Cominciamo a macinare quotidianamente un numero cospicuo di chilometri, sempre guidati e controllati dal Tripy, la ormai “famosa” scatola gialla che ci fornisce le indicazioni stradali codificate per noi dagli organizzatori e che tiene a bada la nostra media oraria. I limiti sono severi, 90 chilometri all’ora in Argentina e Paraguay, 80 in Bolivia, poche deroghe rimandate però ai tratti autostradali di fine Dakar. Gli eccessi di velocità corrispondono a una sanzione, ovviamente economica, cosicché anche noi rischiamo di mantenere in bolla le povere casse di ASO. Il rispetto dei limiti, anche talvolta eccessivi, ha una sua logica di sicurezza, ma la sua applicazione vessatoria è un sopruso, e comunque, come ho già detto altre volte, pagare per essere controllati da ai nervi e sfinisce.
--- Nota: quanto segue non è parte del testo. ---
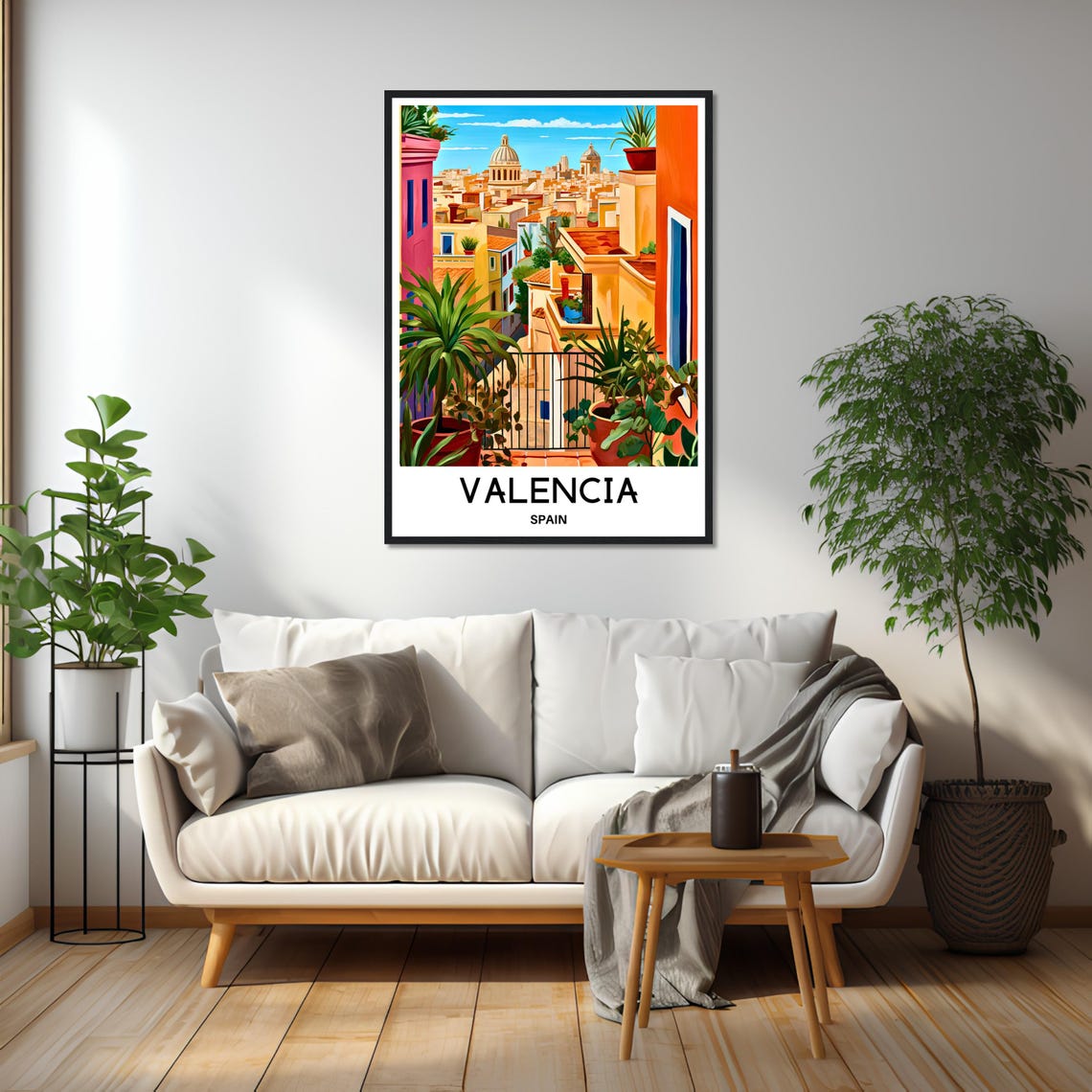 Valencia Spain Rooftop Terrace Poster with Colorful Domes and Palms - Image 2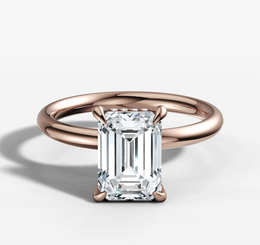 Hidden Halo Signature Solitaire Engagement Ring with Emerald Cut Diamond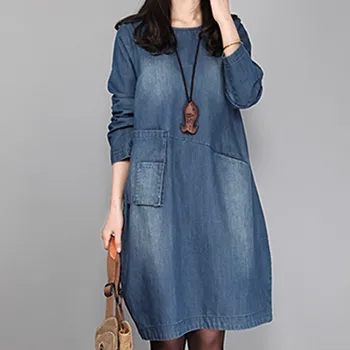 

Women Denim Summer Dress Knee Length Long Arm Oansatz Lose Dress With Bag Summer Clothes 2019 Vestidos De Verano Neue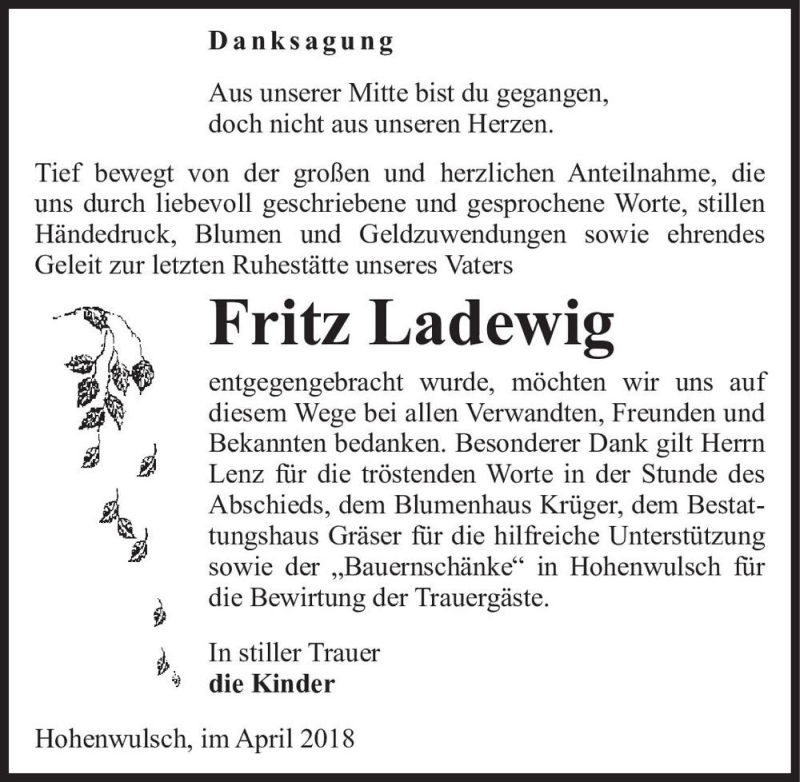  Traueranzeige für Fritz Ladewig  vom 04.04.2018 aus Magdeburger Volksstimme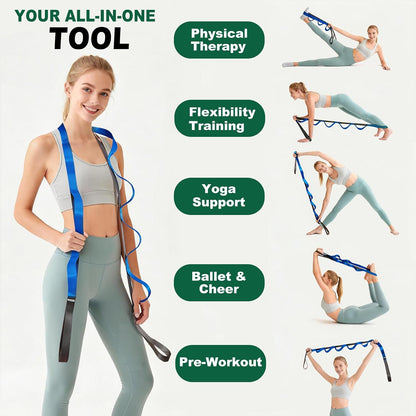 Acozycoo Stretching Strap with Loops for Leg Calf Back Physical Therapy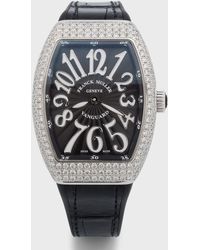 Franck Muller - Stainless Steel Lady Vanguard Diamond Watch With Black Alligator Strap - Lyst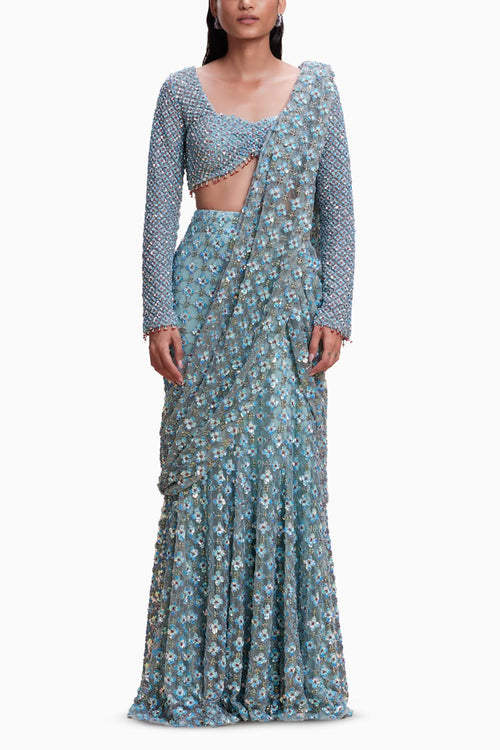 Blue Drape Saree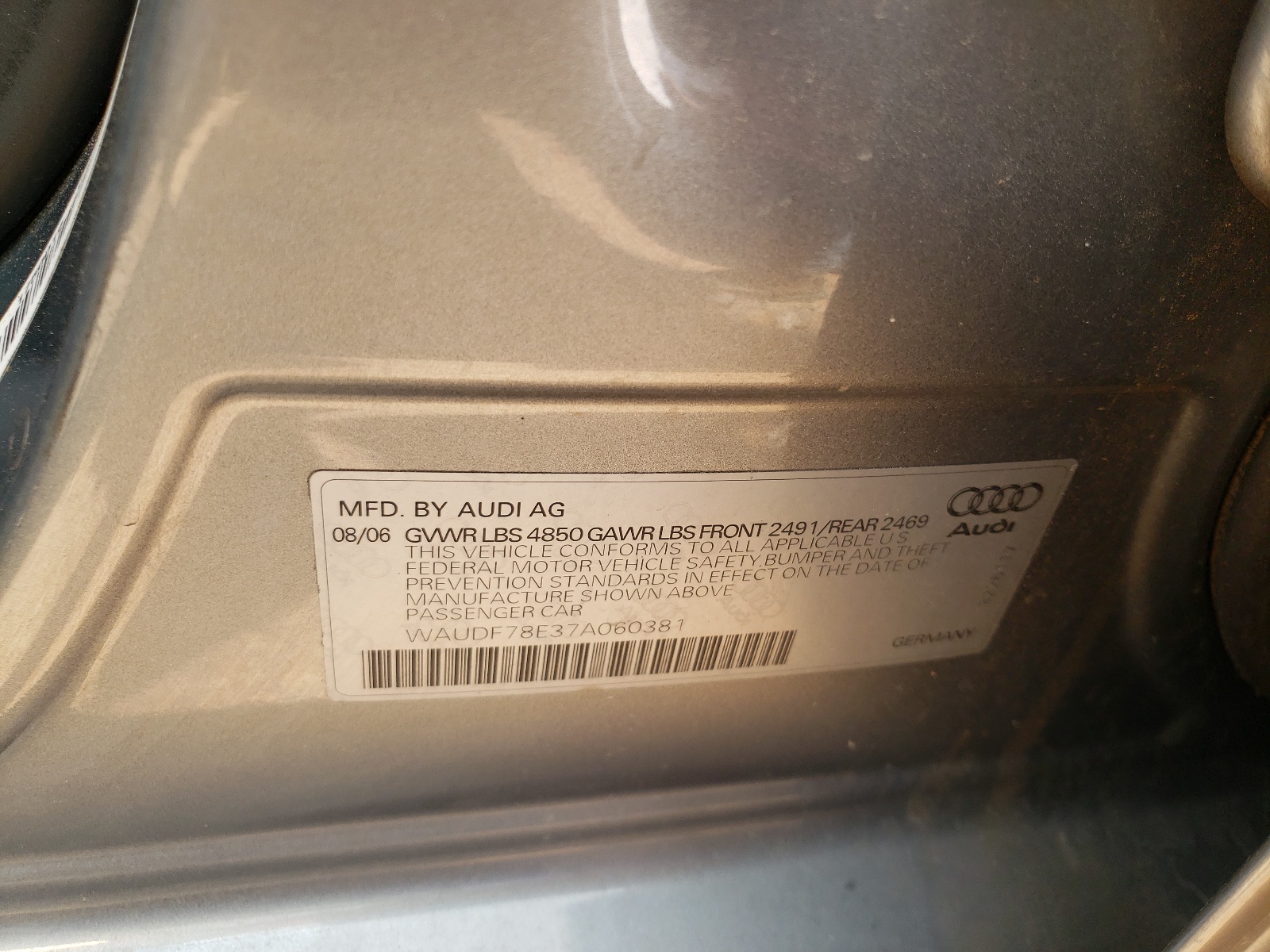 Foto 10 de la subasta – 2007 AUDI A4 2.0T QU con VIN WAUDF78E37A060381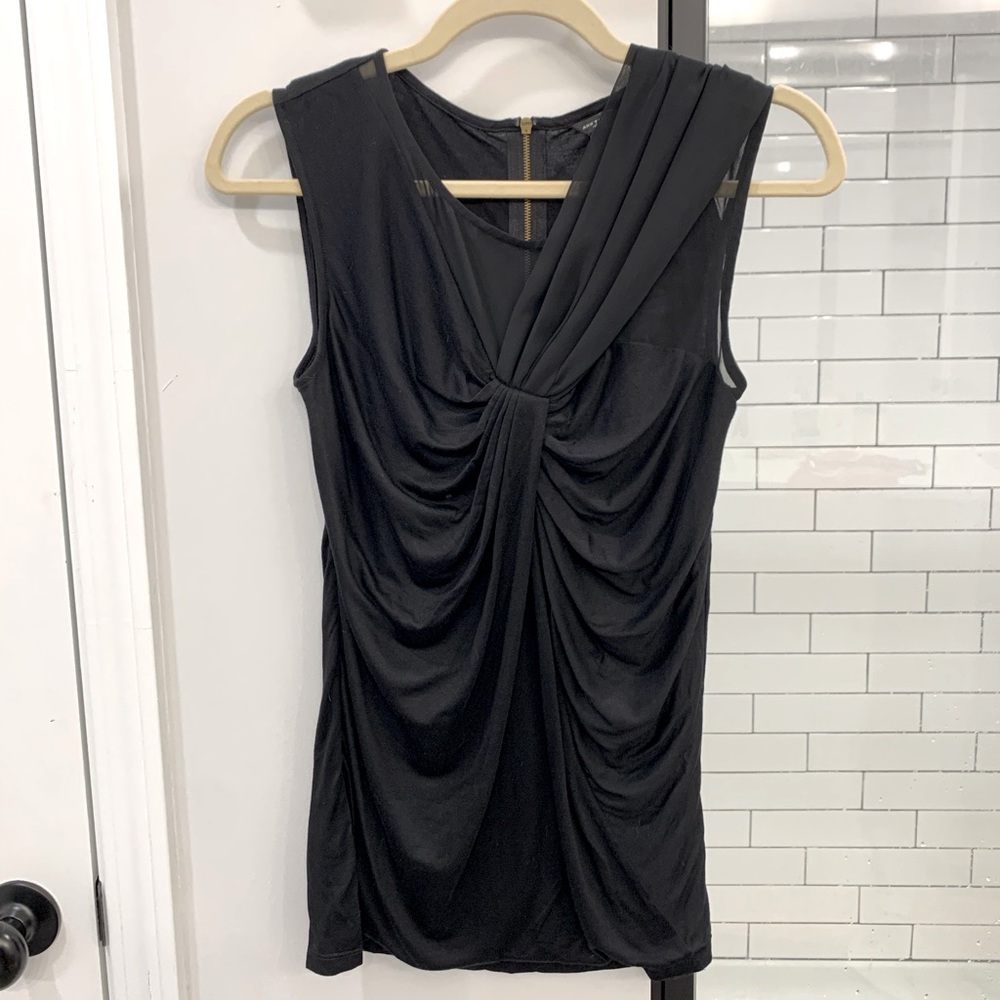 Ann Taylor Black Short-Sleeve Blouse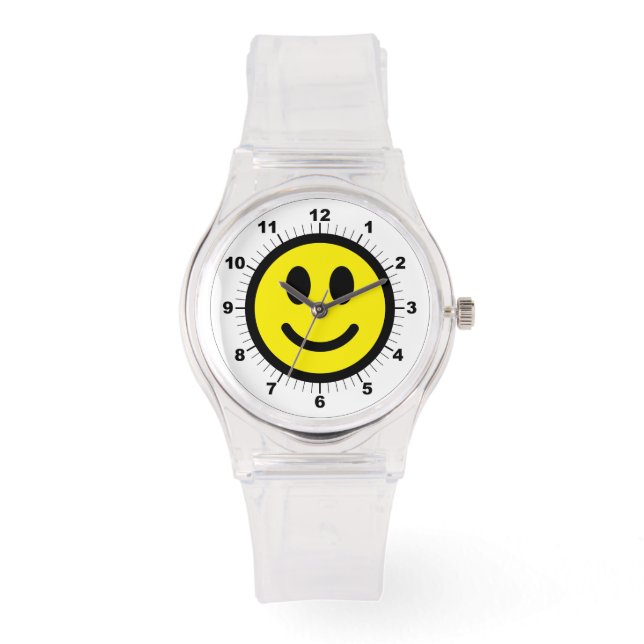 Women's Happy Face Sporty Pink Silicon Watch (Front)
Siamo Uomini Liberi! Stiamo dentro ai limiti, ma di essere imbavagliati nel road book ufficiale delle Assistenze non se ne parla nemmeno.

A San Miguel de Tucuman e Salvador de Jujui vincono Price e Barreda, KTM e Honda tra le Moto, Loeb e Peterhansel, sempre Peugeot tra le Auto. Poi il Rally si sposta in Bolivia, a Tupiza, Barreda è penalizzato di un’ora, il famoso rifornimento fuori luogo che farà discutere ben oltre l’epilogo del Rally, Sainz e Al Attiyah sono fuori, incidente e guasto, e in testa salgono Pablo Quintanilla, Husqvarna, e Cyril Despres, Peugeot. Siamo solo all’inizio dei colpi di scena, la carovana si proietta a sua insaputa su due giorni di fortunale, la Tappa di Oruro viene accorciata e quella che porta a La Paz addirittura annullata, cosicché le giornate di riposo diventano due, e al giro di boa della Corsa in testa ci saranno già Sam Sunderland e Stephane Peterhansel. Il scenario agonistico finale è già dipinto, ma l’evoluzione della Dakar più bagnata, forse, della storia è tutt’altro che scontata. E anche noi sconteremo come Pinocchio e Lucignolo i peccati del “divertimento” al parco acquatico. Mentre saliamo verso Nord e la Bolivia il cielo diventa sempre più grigio, venato di nero e affollato di pesanti nubi. Lo spettacolo è suggestivo e ridicolo, i colori diventano più intensamente cupi e la stagione d’ingresso in Sud America si defila per far rientrare l’autunno, invece del caldo torrido si inizia a temere la brezza, dapprima frizzante, poi sempre più sferzante, inquieta.

Con il “salvacondotto” della Dakar, passare confine tra Argentina e Bolivia è come entrare al cinema. Basta pagare il biglietto. Al bivacco di San Salvador de Jujui timbro di uscita dall’Argentina e a quello di Tupiza timbro di entrata in Bolivia, il passaggio  di frontiera è una fucilata. Tutto qui. A Jujui dormiremo pochissimo e da cani in un posto raccapricciante, il gratta e… perdi di Booking, e al bivacco passeremo solo per le formalità e gli aggiornamenti. Ricordo labile e quasi del tutto rimosso di una brutta giornata.

Al fine tappa di San Miguel de Tucuman, invece, arriviamo presto, un miracolo, e corriamo come dannati per chiudere la giornata lavorativa clamorosamente in anticipo sulla media “storica”, che ci tiene alzati fino a tarda notte. Quindi andiamo in città con l’obiettivo di fermarci in un posto dove: a, lavorare, b, mangiare, c, organizzare il prosieguo del viaggio. Pieno e controllo sommario della 3008 sono quotidiani. Visto che siamo miracolosamente in anticipo e che ne abbiamo le tasche piene del road book della Dakar, pensiamo che potremmo andare un po’ più avanti e incrociare la “carovana multicolor”, definizione coniata dal mitico Eric Duran Duran, sulle montagne tra Argentina e Bolivia a Ovest di Salta. È il 3 sera, ma la giornata non è ancora finita.